• Supplied entries:
▼▼▼

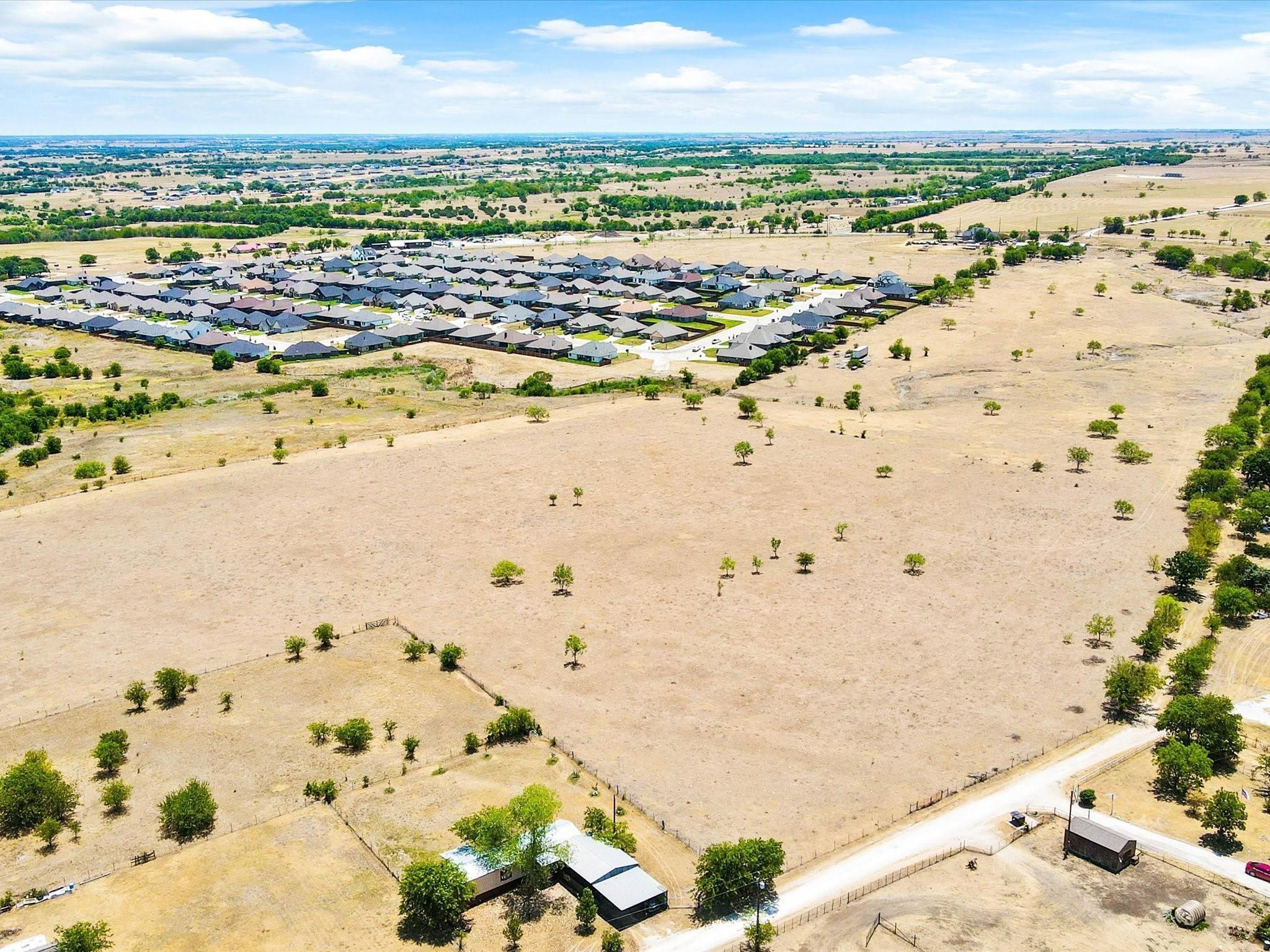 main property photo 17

▲▲▲
▼▼▼

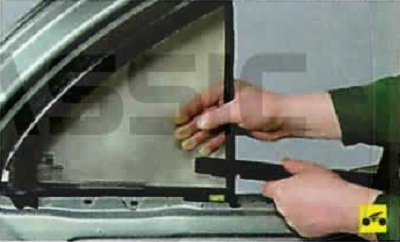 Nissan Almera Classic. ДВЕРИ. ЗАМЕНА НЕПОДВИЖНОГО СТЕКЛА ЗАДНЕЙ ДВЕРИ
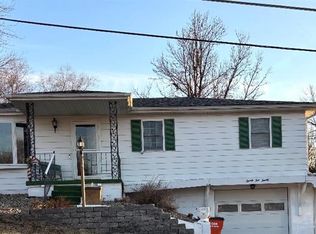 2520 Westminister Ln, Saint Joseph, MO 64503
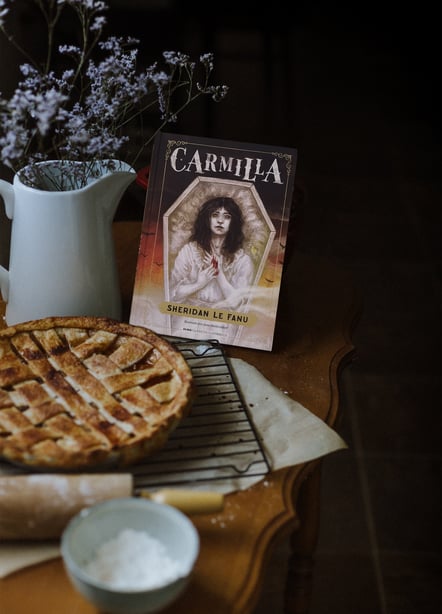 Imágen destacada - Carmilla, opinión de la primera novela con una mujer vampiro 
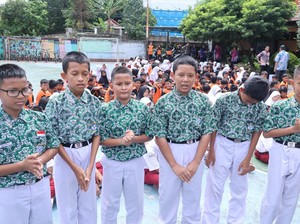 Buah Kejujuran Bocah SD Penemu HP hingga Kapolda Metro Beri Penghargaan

▲▲▲

• The problem: Starting at the line above that holds "2520 Westminister Ln, Saint Joseph, MO 64503", return each line up to and including the one that holds "Buah Kejujuran Bocah", exactly as written, minus any pictures.

• Answer box:
 2520 Westminister Ln, Saint Joseph, MO 64503
 Imágen destacada - Carmilla, opinión de la primera novela con una mujer vampiro 
 Buah Kejujuran Bocah SD Penemu HP hingga Kapolda Metro Beri Penghargaan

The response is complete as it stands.